[Start of Attachment]
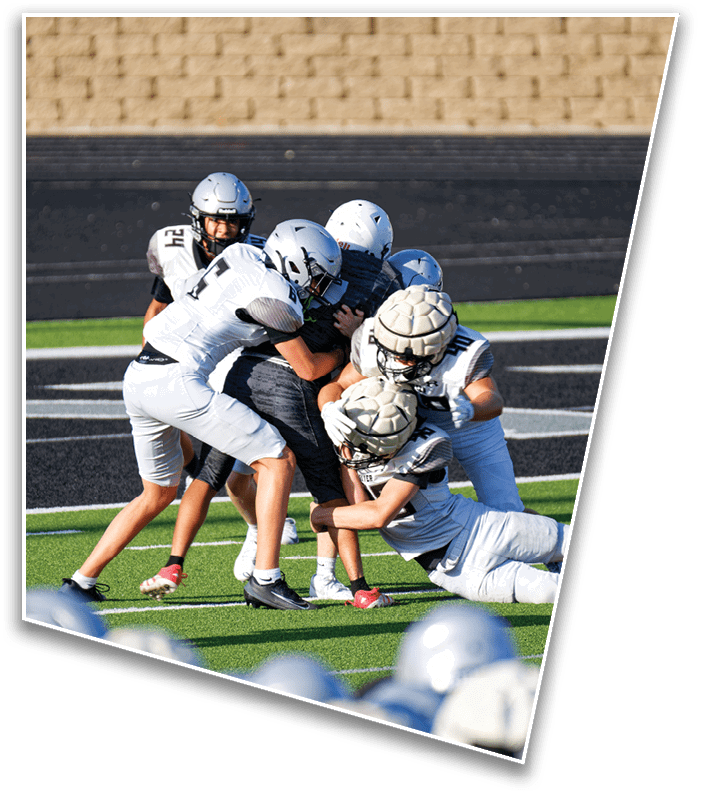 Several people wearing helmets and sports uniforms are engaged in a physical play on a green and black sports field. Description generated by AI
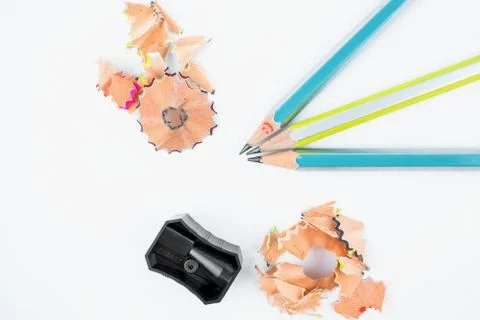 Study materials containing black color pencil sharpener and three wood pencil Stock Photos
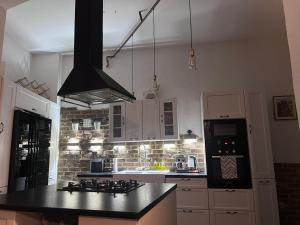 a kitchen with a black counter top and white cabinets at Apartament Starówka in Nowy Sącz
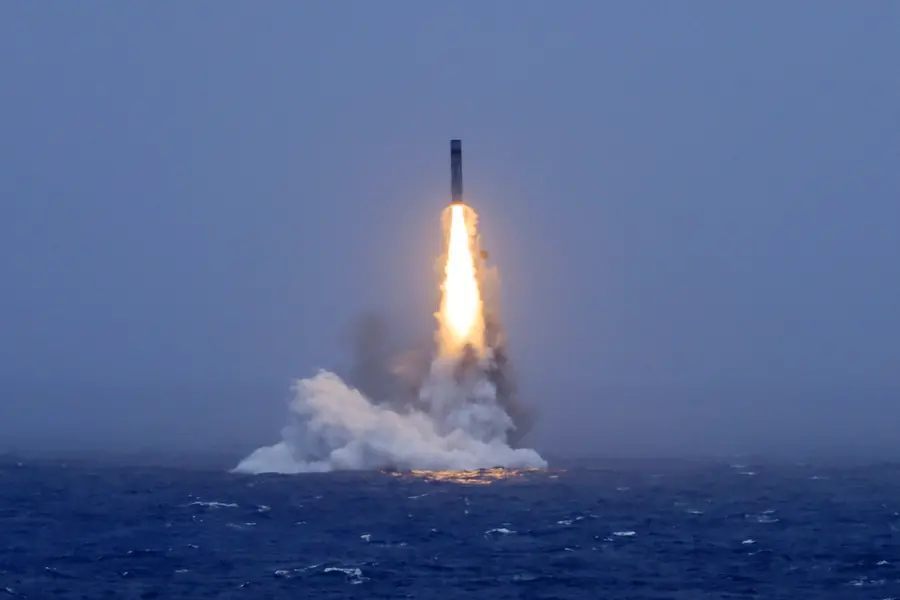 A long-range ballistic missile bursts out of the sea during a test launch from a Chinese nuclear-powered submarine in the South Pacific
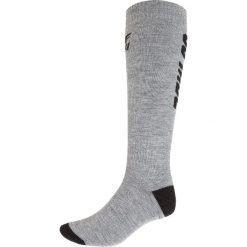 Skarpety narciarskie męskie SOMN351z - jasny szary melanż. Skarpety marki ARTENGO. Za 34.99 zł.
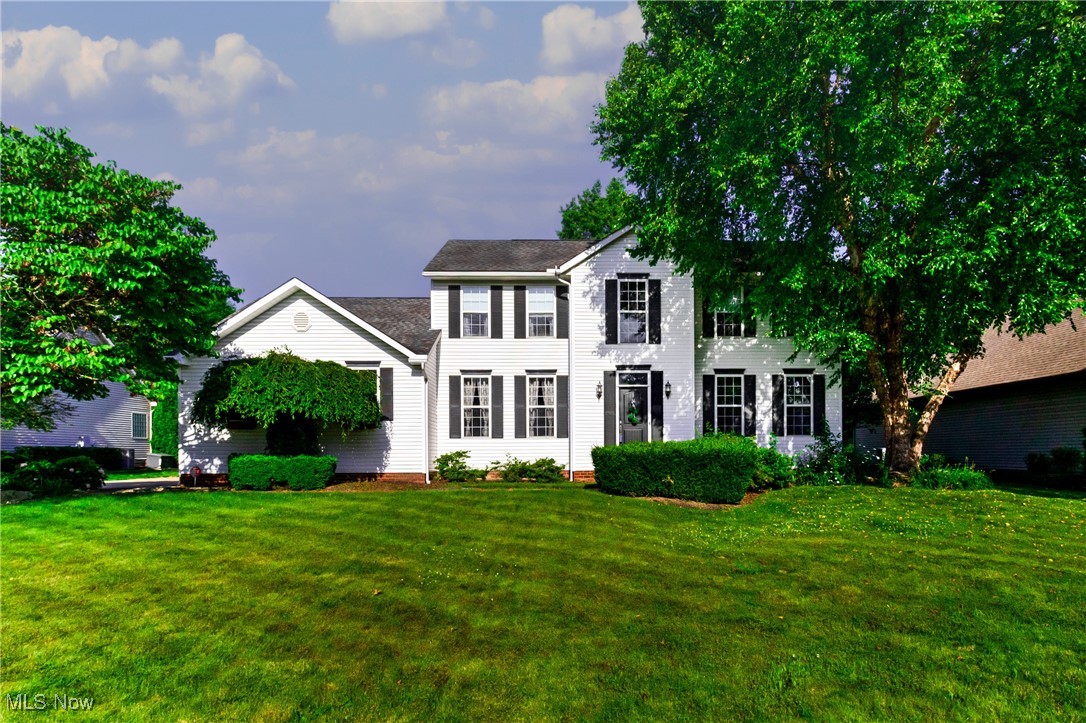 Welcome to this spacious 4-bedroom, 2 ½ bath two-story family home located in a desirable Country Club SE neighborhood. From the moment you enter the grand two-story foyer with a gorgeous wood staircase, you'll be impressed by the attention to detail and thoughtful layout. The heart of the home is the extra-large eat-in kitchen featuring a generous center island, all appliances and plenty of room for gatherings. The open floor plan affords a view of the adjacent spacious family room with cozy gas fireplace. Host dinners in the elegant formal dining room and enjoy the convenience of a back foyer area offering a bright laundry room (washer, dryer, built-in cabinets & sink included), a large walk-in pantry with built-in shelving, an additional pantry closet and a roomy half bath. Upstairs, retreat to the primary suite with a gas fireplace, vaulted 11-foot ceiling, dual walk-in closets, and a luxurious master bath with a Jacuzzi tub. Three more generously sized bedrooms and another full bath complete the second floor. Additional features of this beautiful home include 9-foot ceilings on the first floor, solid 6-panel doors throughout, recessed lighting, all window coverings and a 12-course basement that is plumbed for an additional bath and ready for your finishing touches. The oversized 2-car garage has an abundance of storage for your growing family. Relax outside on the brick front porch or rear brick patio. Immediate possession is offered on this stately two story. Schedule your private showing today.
[End of Attachment]
[Start of Attachment]
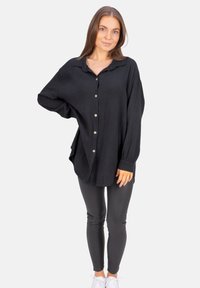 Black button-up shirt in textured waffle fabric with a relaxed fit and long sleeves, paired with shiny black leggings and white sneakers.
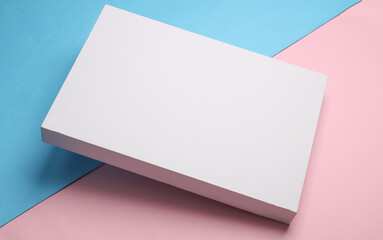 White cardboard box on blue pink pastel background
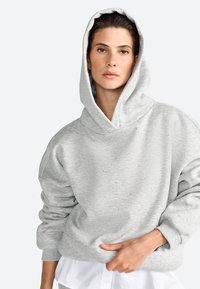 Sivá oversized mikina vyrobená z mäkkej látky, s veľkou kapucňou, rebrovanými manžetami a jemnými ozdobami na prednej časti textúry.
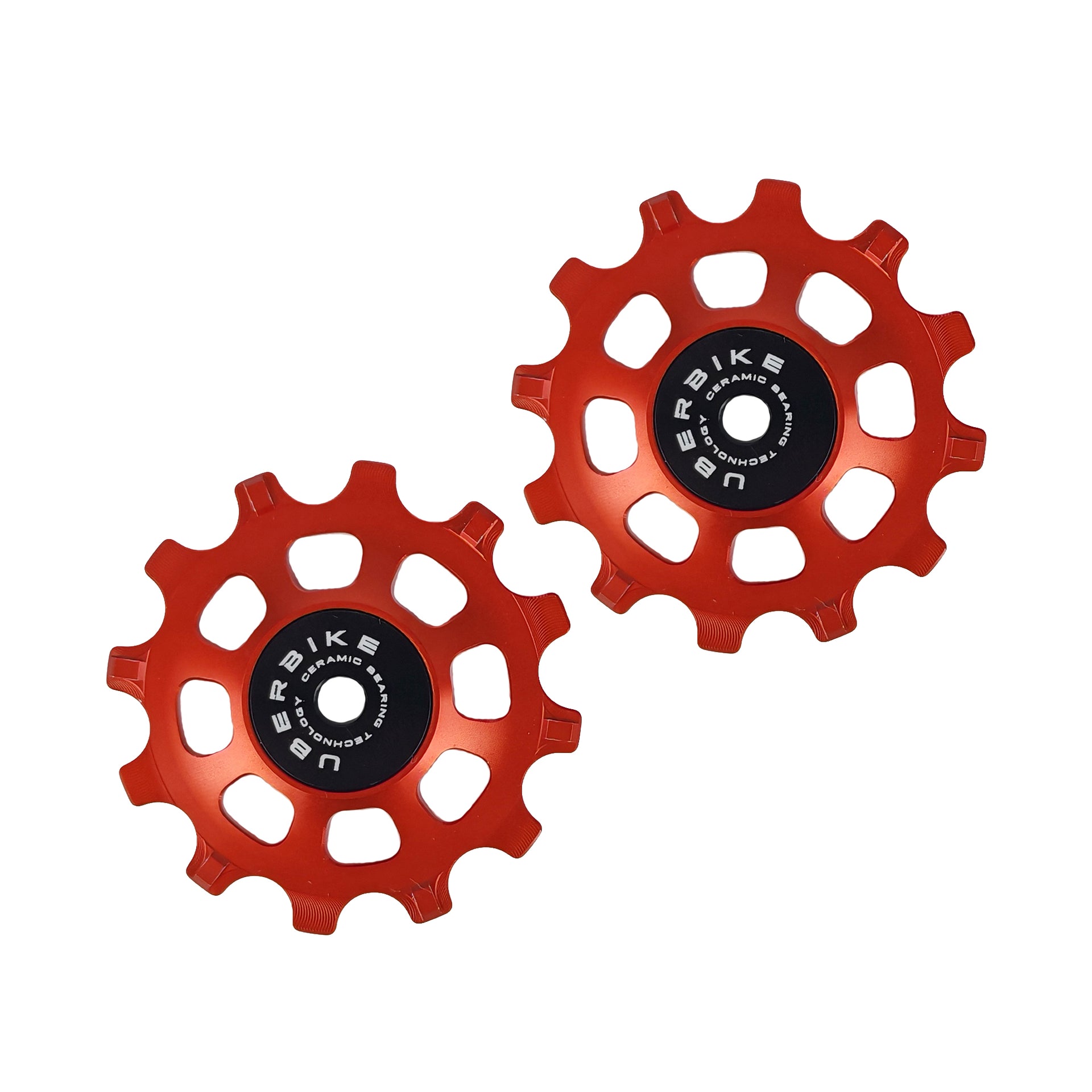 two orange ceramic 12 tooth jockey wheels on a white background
[End of Attachment]
ACTIVITY — All that is wanted is the lines above between the one containing "Several people wearing" and the one containing "a kitchen with", inclusive, restated word for word, with pictures omitted.

SOLUTION TO THIS PROBLEM —
 Several people wearing helmets and sports uniforms are engaged in a physical play on a green and black sports field. Description generated by AI
 Study materials containing black color pencil sharpener and three wood pencil Stock Photos
 a kitchen with a black counter top and white cabinets at Apartament Starówka in Nowy Sącz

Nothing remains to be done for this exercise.